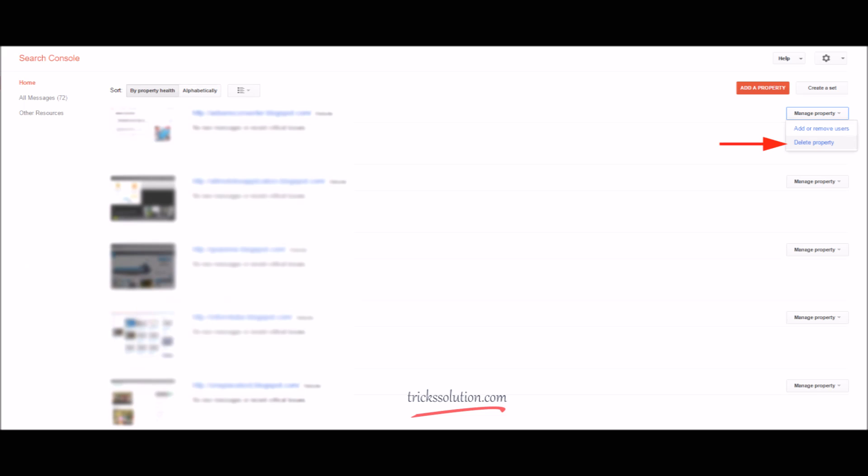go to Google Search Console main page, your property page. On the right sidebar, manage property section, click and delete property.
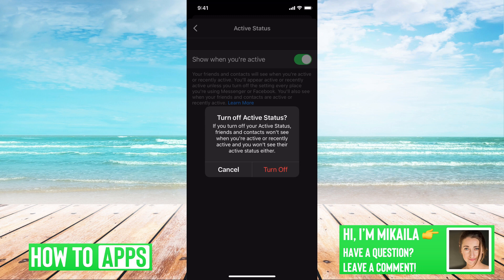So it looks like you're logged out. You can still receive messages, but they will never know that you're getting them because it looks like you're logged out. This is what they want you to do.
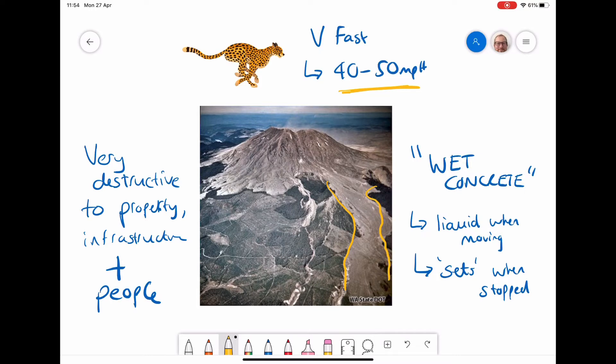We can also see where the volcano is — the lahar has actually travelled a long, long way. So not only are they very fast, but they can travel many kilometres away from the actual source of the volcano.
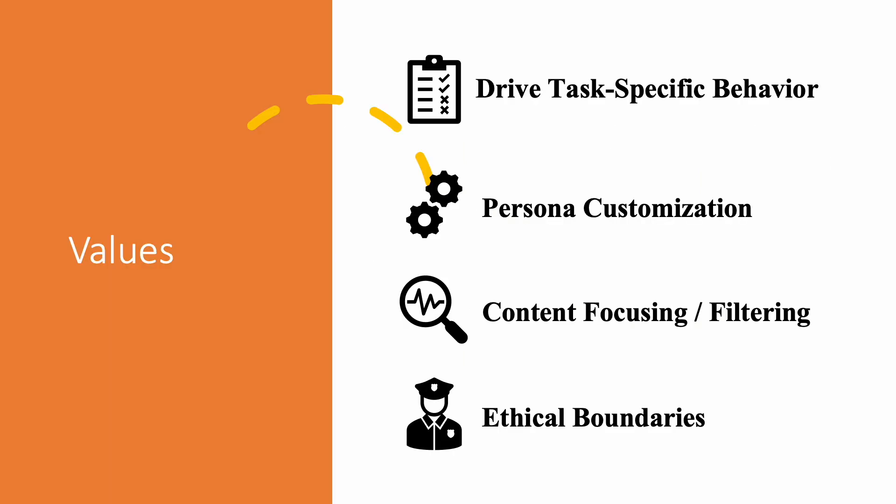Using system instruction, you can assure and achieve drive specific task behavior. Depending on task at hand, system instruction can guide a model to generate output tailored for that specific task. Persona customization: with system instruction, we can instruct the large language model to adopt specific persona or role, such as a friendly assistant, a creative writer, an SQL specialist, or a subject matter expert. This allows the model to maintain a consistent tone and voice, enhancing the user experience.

» WHAT TO DO:
All that the answer may contain is the exact text of the lines from the one with "So it looks" through the last line of the material, pictures excluded.

» EXERCISE RESPONSE:
So it looks like you're logged out. You can still receive messages, but they will never know that you're getting them because it looks like you're logged out. This is what they want you to do.
We can also see where the volcano is — the lahar has actually travelled a long, long way. So not only are they very fast, but they can travel many kilometres away from the actual source of the volcano.
Using system instruction, you can assure and achieve drive specific task behavior. Depending on task at hand, system instruction can guide a model to generate output tailored for that specific task. Persona customization: with system instruction, we can instruct the large language model to adopt specific persona or role, such as a friendly assistant, a creative writer, an SQL specialist, or a subject matter expert. This allows the model to maintain a consistent tone and voice, enhancing the user experience.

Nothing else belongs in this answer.